> _Directions for this task_: Every line from the one containing "Galeri 15 Inspirasi" through the end of the listing below goes in the output, exactly and without pictures.

> _Data_:
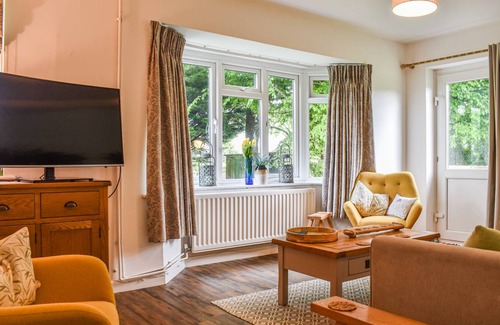 Steyning Cottage | Cabin ∙ 2 bedrooms ∙ 4 guests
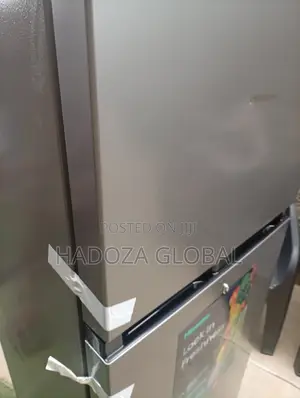 Hisense 205L Double Door Refrigerator with Top Freezer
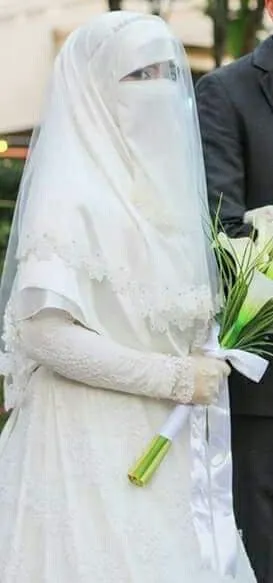 Galeri 15 Inspirasi Gaun Pengantin Bercadar. Tampil Menawan Meski Wajah Tidak Terpapar 23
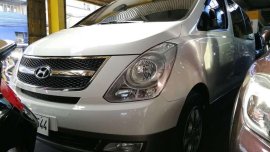 2015 Hyundai Grand Starex gold for sale
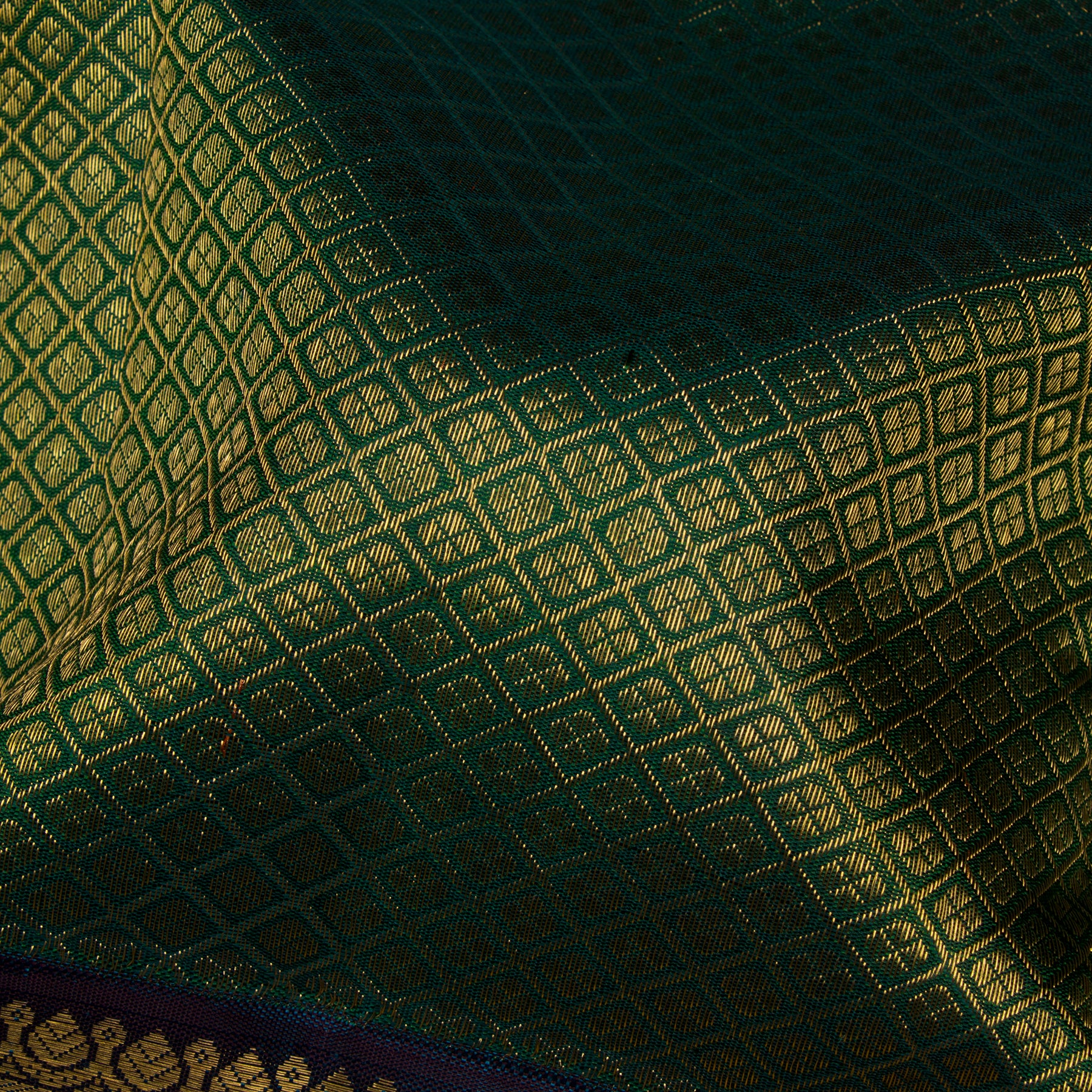 Kanakavalli Kanjivaram Silk Sari 25-110-HS001-10970 - Fabric View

> _Answer area_:
 Galeri 15 Inspirasi Gaun Pengantin Bercadar. Tampil Menawan Meski Wajah Tidak Terpapar 23
 2015 Hyundai Grand Starex gold for sale
 Kanakavalli Kanjivaram Silk Sari 25-110-HS001-10970 - Fabric View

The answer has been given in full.